Financial literacy is the ability to make wise money management decisions. Financially literate adults are more likely to have good credit, less debt, and retire on time. Most Americans are aware they need to be saving and investing, but don’t have a strong enough understanding of the fundamentals of how to accomplish their personal goals with fiscal burdens such as student loans holding them back.
Americans aren’t performing well on financial literacy tests
- A recent study by US Bank found that many college students lack basic financial literacy skills. For example, 55% of students were unaware that credit scores are impacted by how much money is in their bank account.
- The average score on the National Financial Educators Council’s “National Financial Literacy Test” is 63%, with only 48% out of 17,000 participants receiving a passing score at the time of this writing. Scores improved as the age of participants increased, with the 50+ age group scoring the best and the 10–14 age group scoring the worst. The 15–18 age group had the highest number of participants and scored an average of 60% overall.
- Another financial literacy quiz created by the Financial Industry Regulatory Authority (FINRA) had very similar results with the majority of adults across all 50 states failing the quiz.
These tests assess Americans’ knowledge of earning, saving, and growing their money by asking questions about how to build credit or how to calculate interest. This lack of financial literacy contributes to America’s struggle to overcome debt and save for retirement, contributing to the need for financial wellness benefits or education.
Schools could be doing more to teach personal finance
Few states require K-12 curriculum devoted entirely to financial literacy (such as economics courses in high school).
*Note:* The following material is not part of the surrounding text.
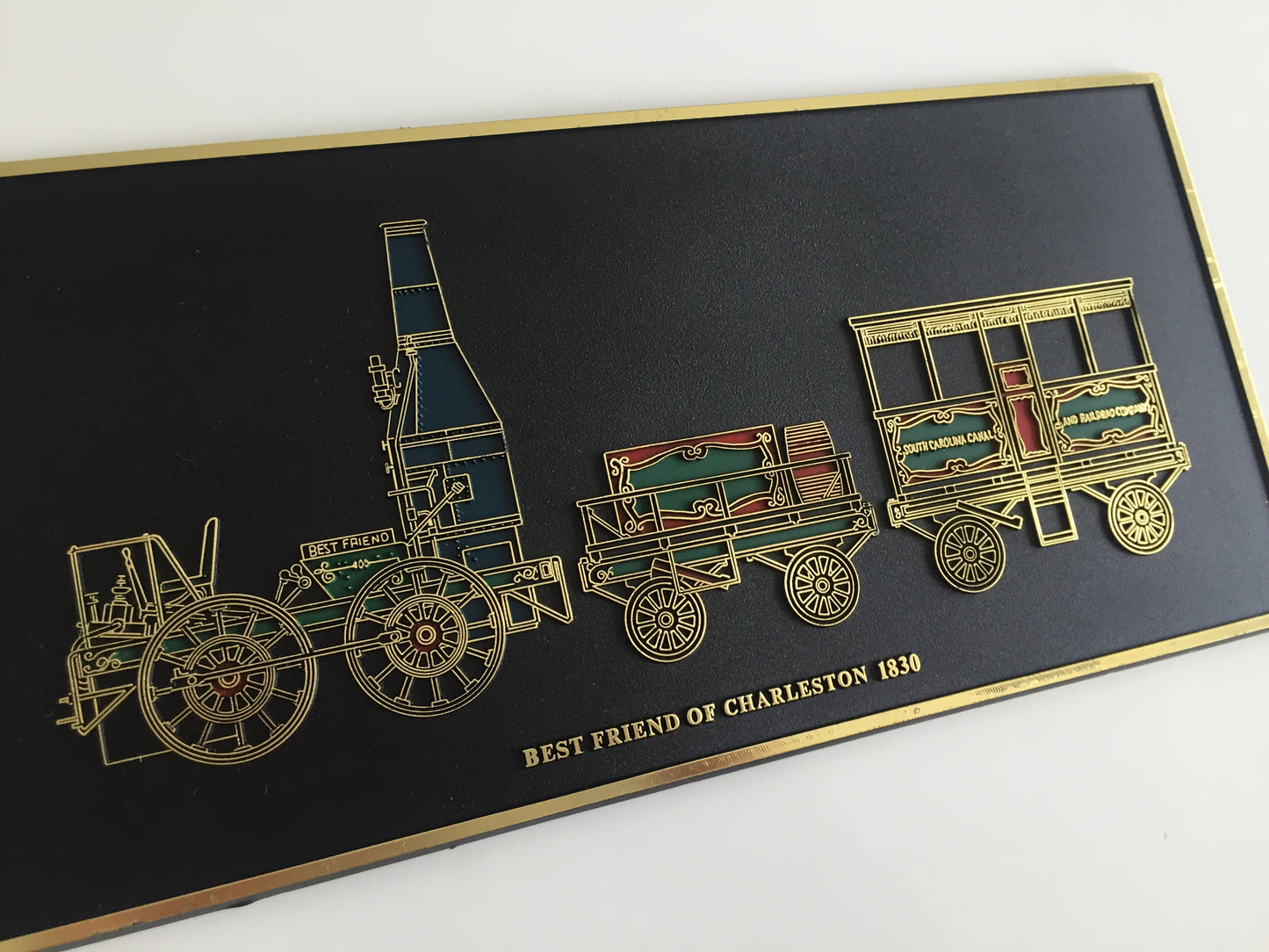 Vintage Railroad Art Plaque: The Best Friend of Charleston 1930 Locomotive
However, many educators recognize the need for personal finance education and have found ways to incorporate financial literacy into their language arts and math lessons. As more schools implement personal finance into their curriculum, hopefully financial literacy scores will improve.
The map below shows the scores for each state’s financial literacy based on a variety of conditions including people’s credit scores, rainy-day funds, and access to public financial education.
The absence of formal financial literacy training through traditional paths of education is feeding the growing demand for financial wellness benefits. Employees desire help managing their income and paying down their debt since they didn’t develop those skills naturally. These employees are worried that they’re not going to have enough money to retire due to growing debts from burdens such as student loans or credit cards.
Forbes reported earlier this year that financial wellness programs are growing in popularity. Since people depend on their jobs to improve their financial situation, it’s prudent that employers take responsibility to include financial wellness into their benefits programs.